Mehrere HSV-Spieler mit falschem Schuhwerk
Aber auch ein Last-Minute-Neuzugang wird nicht davon ablenken, dass der HSV erneut einen ganz schwierigen Weg vor sich hat. „Wir dürfen nicht wieder in einen Negativstrudel geraten. Wenn wir so spielen wie heute, werden wir keine Punkte mehr holen“, sagte Holtby. Hunt mahnte: „Wir müssen jetzt schnell aus den Fehlern lernen.“ Und davon gab es in Stuttgart mehr als genug. Das fing bereits bei der falschen Schuhwahl an. Mehrere Spieler verbrachten große Teile des Spiels ungewollt auf dem Boden. „Das haben wir angesprochen. Das sollte sich nicht wiederholen“, sagte Labbadia.
Der Trainer ist trotz des Rückfalls bemüht, Zuversicht auszustrahlen. „Wir müssen wieder zu unseren Stärken finden: mannschaftliche Geschlossenheit und taktische Disziplin. Wenn wir das schaffen, werden wir unsere Punkte holen.“ Wichtig sei es, die Konzentration zu bewahren. „Wir sind noch nie in der Saison durch Angst geleitet worden.

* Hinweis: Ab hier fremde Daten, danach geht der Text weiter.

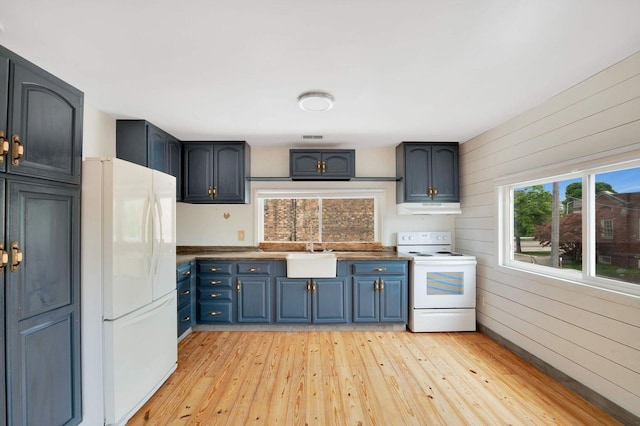 617 Elm St, Saint Joseph, MI 49085 - kitchen with white appliances, under cabinet range hood, light wood-style floors, a sink, and dark countertops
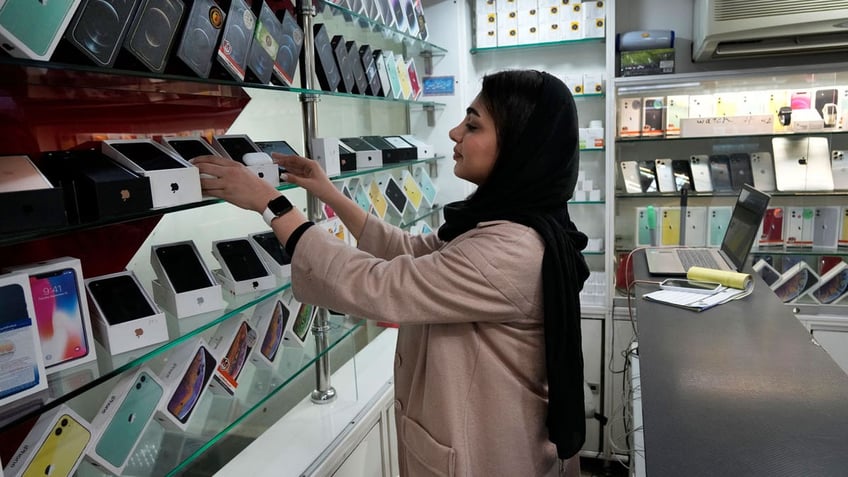 A cellphone vendor works at her shop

Wir werden wachsam sein, aber nicht in Unruhe verfallen.“
Damit gibt der HSV zumindest nach außen ein anderes Bild ab als vor zwölf Monaten. Der Druck ist aber ähnlich groß. „Wir haben jetzt zwei Heimspiele, da müssen wir punkten“, sagte Holtby. Angesichts der Bilanz macht diese Ausgangslage aber wenig Hoffnung. In der Heimtabelle liegt der HSV nur einen Punkt vor der Relegation.
Die Statistik
Stuttgart: 22 Tyton - 15 Großkreutz, 3 Schwaab, 6 Niedermeier, 2 Insua - 26 Serey Die - 8 Rupp, 20 Gentner, 10 Didavi (ab 88. Maxim), 18 Kostic (ab 90. Sunjic) - 19 Timo Werner (ab 78. Kravets). - Trainer: Kramny
Hamburg: 15 Adler - 2 Diekmeier, 5 Djourou, 3 Cleber, 22 Ostrzolek - 40 Kacar (ab 73. Rudnevs), 8 Holtby - 27 Nicolai Müller (ab 61. Gregoritsch), 14 Hunt, 7 Ilicevic - 10 Lasogga (ab 88. Jung). - Trainer: Labbadia
Schiedsrichter: Günter Perl (Pullach)
Zuschauer: 45.000
Tore: 1:0 Hunt (66/ET.), 1:1 Rudnevs (75.), 2:1 Kravets (88.)